Print

Print


Hi 

Gregory,
Yes, we need an URL of specific xrootd cache node. We use the same machines as PROOF slaves as well.

I understand the problems that URLs can be only "advisory".
We use the resolved urls to open the right files on right nodes. So once we make that decision we can use original "redirector URLs" on specific data servers and the files that are local will be opened without contacting the redirector. 

In addition, as far as I understood, the redirector can decide to replicate the files but deleting happens only if there is not enough disk space. We want to delete least recently accessed files first. So after dataset validation (which opens all files) the chance that file is deleted is close to 0. Still a data server may go down. 

A very good solution to utilize the current xrootd protocol and to get all locations of all the files is this:

There exists XrdClientAdmin::FilesExist which takes a vector of file names and returns a Boolean vector with answers. What we need is simply a vector of these vectors (a Boolean vector per each data server).
So it should be enough to implement one method (on redirector) that takes the vector of files names, calls FilesExist on each of data servers and returns all the answers to the caller.

What do you think? 

Cheers,
Jan


-----Original Message-----
From: [log in to unmask] on behalf of Gregory J. Sharp
Sent: Tue 8/22/2006 4:14 AM
To: Xrootd Mailing List
Subject: Re: Quering locations of a vector of files
 

On 19Aug2006, at 18:02 , Fons Rademakers wrote:

> Hi Andy, Fabrizio,
>
>   what we really urgently would like to have is an xrootd command  
> that takes as input a vector of generic xrootd urls and returns a  
> vector with resolved urls (including multiple urls in case the same  
> file exists on more than one leaf node). Of course the first time  
> this will take some time since the head node will have to ask the  
> leaf nodes, but from then on this info lives in the xrootd head  
> node cache, so it should be very quick. We need the final location  
> in PROOF to submit work packets with priority to the nodes that  
> have the data local.
>
> Can you tell me if this feature is possible and if we can get it soon?

I would like to understand what you are really asking for. When you  
say you want a "resolved url", do you mean a path to the physical  
cache server(s) that currently caches the file?
And when you say "nodes that have the data local", do you intend to  
run an xrootd cache server on each compute node?

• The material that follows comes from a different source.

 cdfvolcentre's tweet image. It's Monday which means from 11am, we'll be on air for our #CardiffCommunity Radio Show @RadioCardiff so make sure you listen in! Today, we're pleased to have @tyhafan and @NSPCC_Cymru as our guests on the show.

Or does "local"  
mean, on the same LAN?

My understanding (probably out of date), is that an Xrootd cache node  
is free to remove a file from its cache at any time, unless somebody  
has taken a specific action to pin it in the cache. Statistically, it  
is likely that it will still be cached when PROOF tries to access it,  
but there is no promise. So the "resolved urls" will at best be  
advisory. Has that changed?

--
Gregory J. Sharp                   email: [log in to unmask]
Wilson Synchrotron Laboratory      url: http://www.lepp.cornell.edu/ 
~gregor
Cornell University                 ph:  +1 607 255 4882
Ithaca, NY 14853                   fax: +1 607 255 8062